Known for their sophomoric humor, theatrical performances, crazy costumes, and intentionally crude musicianship, Green Jellÿ will invade Scranton once again for a special Halloween concert on Saturday, Oct. 31 at The Place, a music venue inside The Marketplace at Steamtown.

As NEPA Scene reported back in June, The Place is moving from one former storefront to another in The Marketplace, so this will likely be one of the last shows in its current second-floor location, which also serves as a music school for the nonprofit Making Music Matter for Kids.

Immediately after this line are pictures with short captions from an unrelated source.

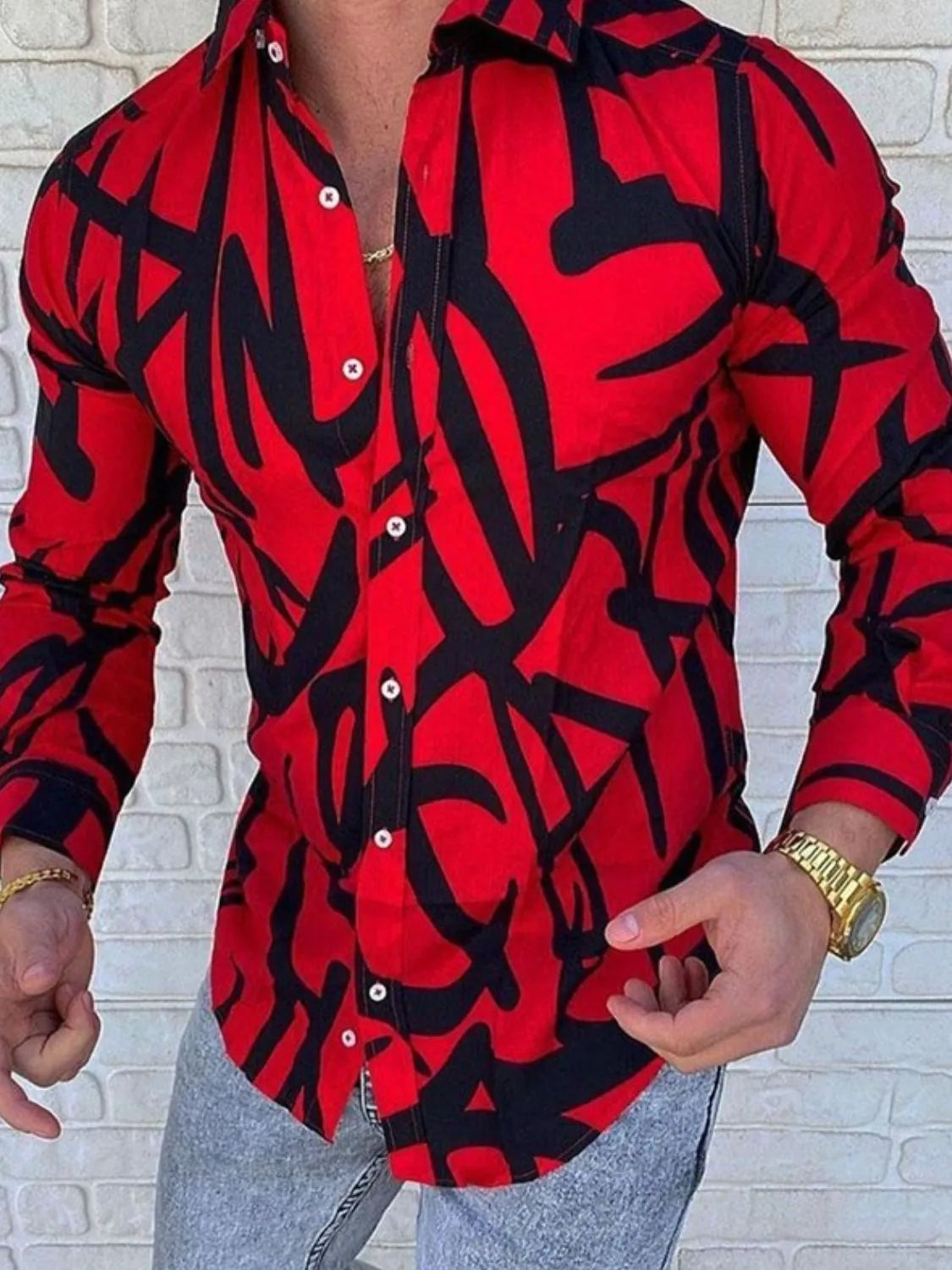 Men's Plus Size Printed Button Up Long Sleeve Shirt - Premium Men's Shirt's from Trendsi - Just $26.04! Shop now at Handbags Specialist Headquarter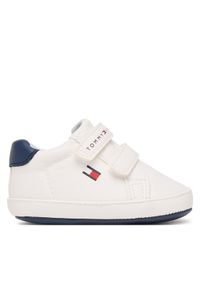 TOMMY HILFIGER - Tommy Hilfiger Sneakersy Low Cut Velcro T0B9-34328-1582 Biały. Kolor: biały. Materiał: skóra #1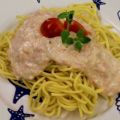 Spaghetti mit Lachssauce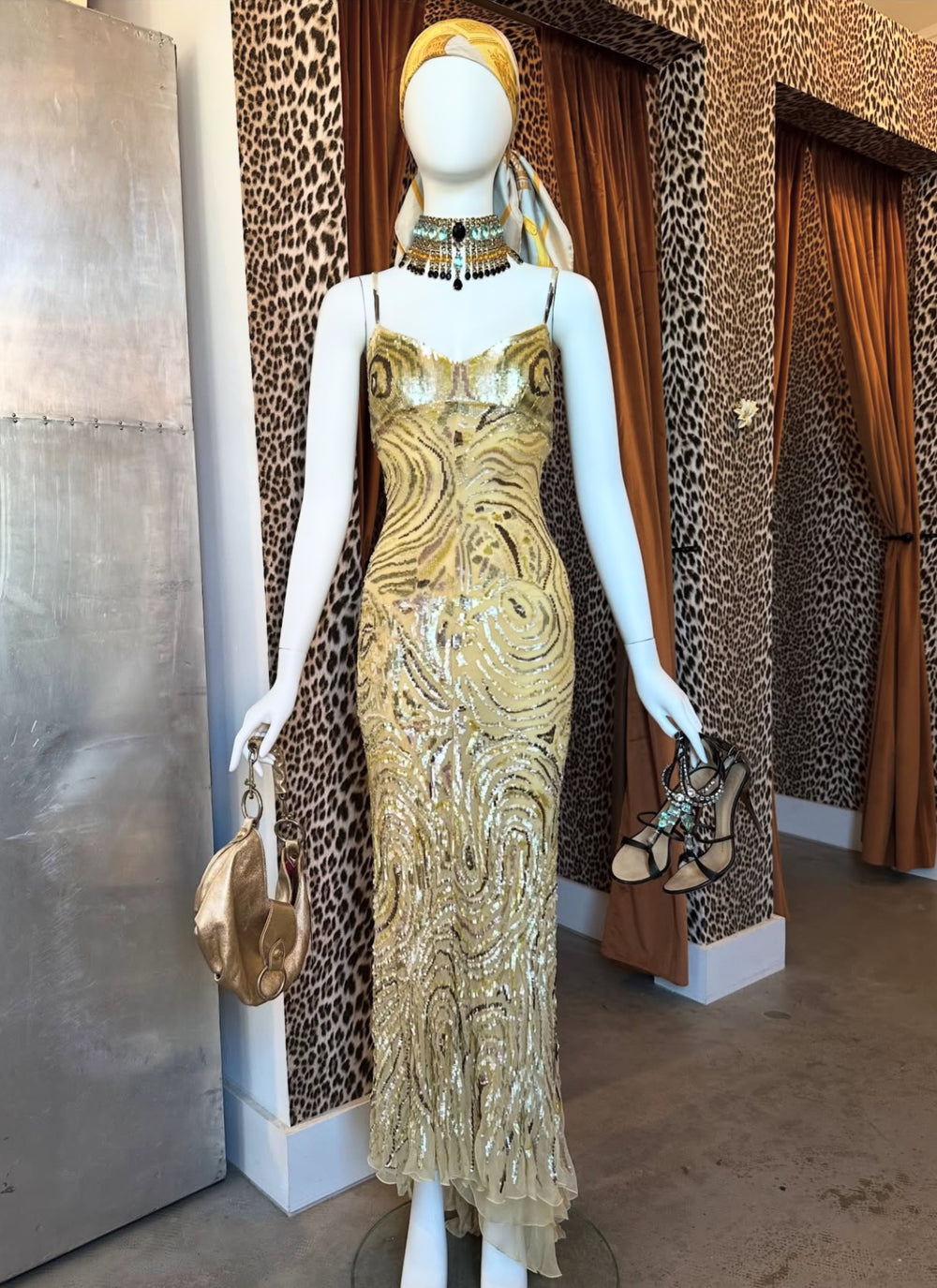 SS1997 RUNWAY SILK CHIFFON SEQUIN GOWN @KU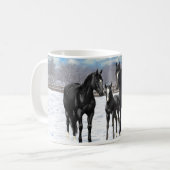 Mug Chevaux Du Quartier Noir En Neige (Devant gauche)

“All the way from Hollywood, California – Bill Manspeaker and his band, Green Jellÿ. There’s no better way to spend Halloween night than with this crazy man and his band of punk rock puppets,” The Place wrote on the Facebook event page.

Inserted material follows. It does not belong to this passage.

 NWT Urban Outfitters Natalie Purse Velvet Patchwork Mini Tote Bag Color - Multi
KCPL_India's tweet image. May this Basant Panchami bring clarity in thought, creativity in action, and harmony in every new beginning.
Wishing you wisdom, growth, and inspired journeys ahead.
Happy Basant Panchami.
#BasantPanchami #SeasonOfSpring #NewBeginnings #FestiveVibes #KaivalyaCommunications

“Also, bring the kids for an afternoon meet and greet and crafting with Bill, his cast and crew of punk rocker puppets, and our very own punk rocker crafting queen Rockin Robin. … We are honored to have Bill supporting our mission and our very own young rocker … 16-year-old Gabe Josefowicz, guitarist for Green Jellÿ, and his family. All proceeds go to Making Music Matter for Kids, Inc., a development coalition of advocate supporters building a vibrant music economy.”

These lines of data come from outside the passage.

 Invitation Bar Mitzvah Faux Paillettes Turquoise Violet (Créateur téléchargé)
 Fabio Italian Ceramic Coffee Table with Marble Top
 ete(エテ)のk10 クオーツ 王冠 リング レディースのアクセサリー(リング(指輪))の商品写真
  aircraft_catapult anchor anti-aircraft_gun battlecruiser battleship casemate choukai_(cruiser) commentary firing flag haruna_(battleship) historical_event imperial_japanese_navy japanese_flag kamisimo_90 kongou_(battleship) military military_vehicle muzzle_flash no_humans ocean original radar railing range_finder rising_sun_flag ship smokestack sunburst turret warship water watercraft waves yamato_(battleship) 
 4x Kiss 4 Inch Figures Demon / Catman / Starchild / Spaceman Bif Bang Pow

Doors at The Place (300 Lackawanna Ave., Scranton) open at 8 p.m., and the show, dubbed the “Green Jellÿ Halloween Masquerade Ball,” starts at 9 p.m. The afternoon “unique sing-a-long experience” with vocalist Bill Manspeaker runs from 5 p.m.-7 p.m. Masks are required for both events.

Tickets, which are $25 for general admission, $75 for VIP Lounge access (front and side stage) and a meet and greet with soft drinks and light snacks, and $10 for the pre-show sing-a-long, are on sale now at makingmusicmatterforkids.org.

Green Jellÿ has performed in Northeastern Pennsylvania many times before, most recently at Stage West in Scranton in January. They also headlined the first night of Darkenheavy Campfest in Jermyn last year played at the Irish Wolf Pub in downtown Scranton in 2017 and 2018.

Bill Manspeaker, a resident of Kenmore, New York, formed Green Jellÿ in 1981 as Green Jellö, a four-piece comedy punk rock band. As most of the band’s members were poor musicians at the time, they billed themselves as “the world’s worst band” and emphasized bizarre theatrics, power chords, and self-deprecating humor. The name, which was suggested by a friend of the band, was chosen because the band members felt lime-flavored Jell-O was the worst Jell-O flavor, and Manspeaker believed this also reflected the band’s talents. The band changed its name due to legal pressure from Kraft Foods, who claimed that it was an infringement of their trademark. Despite the spelling difference, the new name and the old are pronounced identically.

Green Jellÿ began playing punk shows around Buffalo and became notorious for their onstage antics and live theatrics. Forming new bands in cities all over the world, they’ve had nearly 800 members during the band’s existence, with Manspeaker the only consistent member throughout. The band’s early 1990s lineup during their most popular phase, “Cereal Killer,” included several musicians who went on to appear in other major ’90s bands, most notably Tool. Their biggest hit was the single “Three Little Pigs,” adapted from the nursery rhyme, which features Tool singer Maynard James Keenan on backing vocals.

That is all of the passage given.